This week, the workshop session was divided into four teams to work on data collection based on the provided scenarios. My team, called the Digital Media Team (basic, I know, but it worked for us), chose the following scenario:
Scenario 1: Student-led Data Collection
You are part of a student-led community group called Campus Connect Coalition, who are working to improve the student experience. Their website* reads:
"Campus Connect Coalition is a student-driven organisation dedicated to enhancing the campus experience through collaboration, advocacy, and community engagement. We work to bridge the gap between students, faculty, and administration, ensuring that student voices are heard and valued. By gathering insights, hosting open forums, and advocating for positive changes, we aim to improve university life in areas like academics, resources, and social inclusion. Our goal is to create a more inclusive, supportive, and engaging campus environment for all students."
Your task is to collect and analyse data that will help the group understand the student experience.
(Scenario provided by Dr. Holly Steel, 2024)
Before deciding on this scenario, we discussed and evaluated all three options provided, especially their limitations. Our biggest concern was whether the dataset for each scenario would be difficult to collect. The other two options were focused on “digital engagement” and an open-ended exploration of “the social world.” Like many students, we shy away from abstract topics that are open to varied interpretations, such as “the social world.” The scenario involving university-led data collection was considered too challenging because of access issues and the reliance on institutional cooperation.

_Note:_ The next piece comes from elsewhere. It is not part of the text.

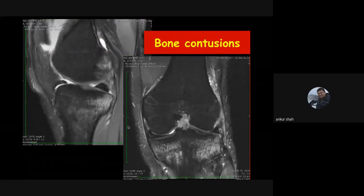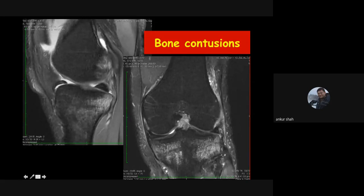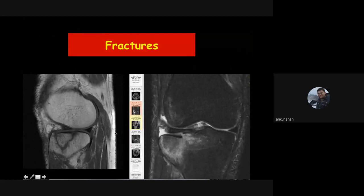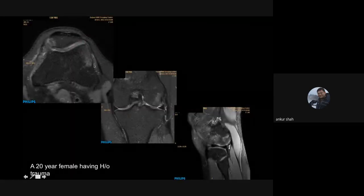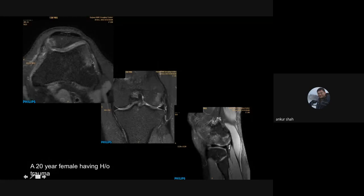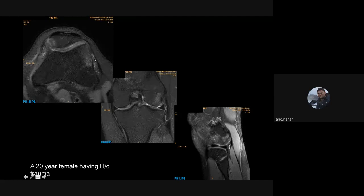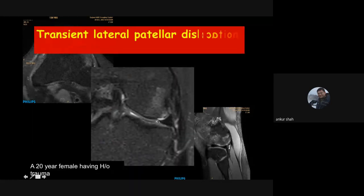Bone contusions are very well seen on MRI — a patient with multiple bone contusions may have a completely normal radiograph and CT scan, but contusions can be severely painful. MRI can detect these contusions before they progress to fracture. Specific patterns of bone contusion act as a footprint of soft tissue injury: contusion at the anterolateral aspect of the lateral femoral condyle and inferomedial aspect of the patella is the classical appearance of transient lateral patella dislocation, usually associated with medial patellofemoral ligament or medial patella retinaculum injury, and can be associated with focal cartilage injury.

Apparently, student experience is one that is omnipresent and easily accessible, with data available through both direct and indirect means.
Working through this workshop really opened my eyes about the complexities of data collection and classification. One thing I learnt was the importance of clearly defining the scope of our research. For instance, when collecting data on the student experience, we listed out all of the aspects that would fall into the umbrella of “student experience”, from academic resources, employability or career resources, financial resources, to community engagement,... (see IMG 4.1 & 4.2). Now the availability of resources that prompted us to choose this scenario became a problem: how can we narrow down our focus?


To further refine this focus, we brainstormed and listed various aspects of employability (see IMG 4.3). However, even with this narrowed scope, we realised there were still too many options to analyse. Our attempt felt futile as the breadth of potential subtopics continued to challenge us. I finally understand what Crawford (2021) meant when they wrote: “From the outset, data was characterized as something voluminous, disorganized, impersonal, and ready to be exploited.” (p.107) Employability data, for example, is seemingly straightforward, yet it quickly becomes overwhelming to us due to its volume and the interconnectedness of its elements. It is easy to overlook the complex labour and critical thinking required to process and interpret data meaningfully. Our struggle to make sense of employability data proved the tension between the messy, multifaceted reality of human experiences and the oversimplified way they are often represented in data visualisation systems.

Then, Holly visited our table and, after listening to our explanation, suggested that we focus on collecting employability information from the program prospectus, including employability rate, availability of career fairs and workshops, etc. She recommended including five programs from the School of Communication and Media. This guidance gave us a clearer understanding of the specific type of data we should prioritise.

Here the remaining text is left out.